** Opening Information shown block **
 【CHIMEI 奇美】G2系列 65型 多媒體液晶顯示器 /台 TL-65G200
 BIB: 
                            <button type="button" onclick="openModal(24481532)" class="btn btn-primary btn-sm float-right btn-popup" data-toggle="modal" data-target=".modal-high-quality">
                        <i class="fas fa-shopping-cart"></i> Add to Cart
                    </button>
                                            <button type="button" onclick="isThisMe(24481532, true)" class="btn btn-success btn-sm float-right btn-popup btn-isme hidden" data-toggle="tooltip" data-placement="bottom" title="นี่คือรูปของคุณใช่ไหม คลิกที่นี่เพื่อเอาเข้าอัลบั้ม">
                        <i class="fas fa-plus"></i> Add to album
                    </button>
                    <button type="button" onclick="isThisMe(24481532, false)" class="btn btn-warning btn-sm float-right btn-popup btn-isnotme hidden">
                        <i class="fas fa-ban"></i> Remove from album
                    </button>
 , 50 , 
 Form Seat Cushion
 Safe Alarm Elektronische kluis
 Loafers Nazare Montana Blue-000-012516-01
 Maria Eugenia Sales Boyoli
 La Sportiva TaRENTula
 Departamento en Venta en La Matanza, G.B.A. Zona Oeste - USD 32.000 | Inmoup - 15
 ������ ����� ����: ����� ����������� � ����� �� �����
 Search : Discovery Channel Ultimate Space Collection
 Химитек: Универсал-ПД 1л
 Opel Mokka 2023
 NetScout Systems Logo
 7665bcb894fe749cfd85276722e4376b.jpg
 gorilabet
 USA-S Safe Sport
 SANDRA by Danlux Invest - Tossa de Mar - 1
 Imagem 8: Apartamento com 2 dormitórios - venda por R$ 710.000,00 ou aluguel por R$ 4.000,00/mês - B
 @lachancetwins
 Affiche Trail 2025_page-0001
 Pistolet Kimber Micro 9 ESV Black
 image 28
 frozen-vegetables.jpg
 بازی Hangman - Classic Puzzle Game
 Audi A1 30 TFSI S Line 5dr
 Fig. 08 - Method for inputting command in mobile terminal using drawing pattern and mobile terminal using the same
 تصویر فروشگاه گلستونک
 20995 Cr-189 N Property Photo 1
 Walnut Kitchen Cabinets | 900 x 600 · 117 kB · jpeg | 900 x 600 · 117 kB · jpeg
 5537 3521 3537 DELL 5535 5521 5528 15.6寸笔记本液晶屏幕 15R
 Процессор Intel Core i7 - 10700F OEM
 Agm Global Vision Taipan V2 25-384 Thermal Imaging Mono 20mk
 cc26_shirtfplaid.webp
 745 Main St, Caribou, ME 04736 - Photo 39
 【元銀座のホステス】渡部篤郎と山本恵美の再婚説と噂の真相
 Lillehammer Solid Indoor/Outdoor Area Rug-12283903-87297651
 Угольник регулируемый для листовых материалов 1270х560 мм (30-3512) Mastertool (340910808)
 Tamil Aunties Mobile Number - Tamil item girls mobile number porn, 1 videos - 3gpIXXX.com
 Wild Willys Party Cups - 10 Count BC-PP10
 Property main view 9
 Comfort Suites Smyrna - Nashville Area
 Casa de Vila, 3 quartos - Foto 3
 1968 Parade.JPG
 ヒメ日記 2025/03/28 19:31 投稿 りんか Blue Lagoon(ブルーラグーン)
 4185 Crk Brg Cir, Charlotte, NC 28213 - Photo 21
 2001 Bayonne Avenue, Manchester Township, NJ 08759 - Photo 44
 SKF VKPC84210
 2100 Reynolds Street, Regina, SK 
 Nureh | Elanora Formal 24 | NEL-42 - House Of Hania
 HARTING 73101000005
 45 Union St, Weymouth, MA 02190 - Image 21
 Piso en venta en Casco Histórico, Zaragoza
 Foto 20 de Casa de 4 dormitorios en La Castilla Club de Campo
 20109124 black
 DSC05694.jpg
** Closing Information shown block **
» **Assigned task**:
Take the line holding "Opel Mokka 2023" and the lines after it through the end of the entries. Retype them exactly and add nothing.

» **The answer**:
 Opel Mokka 2023
 NetScout Systems Logo
 7665bcb894fe749cfd85276722e4376b.jpg
 gorilabet
 USA-S Safe Sport
 SANDRA by Danlux Invest - Tossa de Mar - 1
 Imagem 8: Apartamento com 2 dormitórios - venda por R$ 710.000,00 ou aluguel por R$ 4.000,00/mês - B
 @lachancetwins
 Affiche Trail 2025_page-0001
 Pistolet Kimber Micro 9 ESV Black
 image 28
 frozen-vegetables.jpg
 بازی Hangman - Classic Puzzle Game
 Audi A1 30 TFSI S Line 5dr
 Fig. 08 - Method for inputting command in mobile terminal using drawing pattern and mobile terminal using the same
 تصویر فروشگاه گلستونک
 20995 Cr-189 N Property Photo 1
 Walnut Kitchen Cabinets | 900 x 600 · 117 kB · jpeg | 900 x 600 · 117 kB · jpeg
 5537 3521 3537 DELL 5535 5521 5528 15.6寸笔记本液晶屏幕 15R
 Процессор Intel Core i7 - 10700F OEM
 Agm Global Vision Taipan V2 25-384 Thermal Imaging Mono 20mk
 cc26_shirtfplaid.webp
 745 Main St, Caribou, ME 04736 - Photo 39
 【元銀座のホステス】渡部篤郎と山本恵美の再婚説と噂の真相
 Lillehammer Solid Indoor/Outdoor Area Rug-12283903-87297651
 Угольник регулируемый для листовых материалов 1270х560 мм (30-3512) Mastertool (340910808)
 Tamil Aunties Mobile Number - Tamil item girls mobile number porn, 1 videos - 3gpIXXX.com
 Wild Willys Party Cups - 10 Count BC-PP10
 Property main view 9
 Comfort Suites Smyrna - Nashville Area
 Casa de Vila, 3 quartos - Foto 3
 1968 Parade.JPG
 ヒメ日記 2025/03/28 19:31 投稿 りんか Blue Lagoon(ブルーラグーン)
 4185 Crk Brg Cir, Charlotte, NC 28213 - Photo 21
 2001 Bayonne Avenue, Manchester Township, NJ 08759 - Photo 44
 SKF VKPC84210
 2100 Reynolds Street, Regina, SK 
 Nureh | Elanora Formal 24 | NEL-42 - House Of Hania
 HARTING 73101000005
 45 Union St, Weymouth, MA 02190 - Image 21
 Piso en venta en Casco Histórico, Zaragoza
 Foto 20 de Casa de 4 dormitorios en La Castilla Club de Campo
 20109124 black
 DSC05694.jpg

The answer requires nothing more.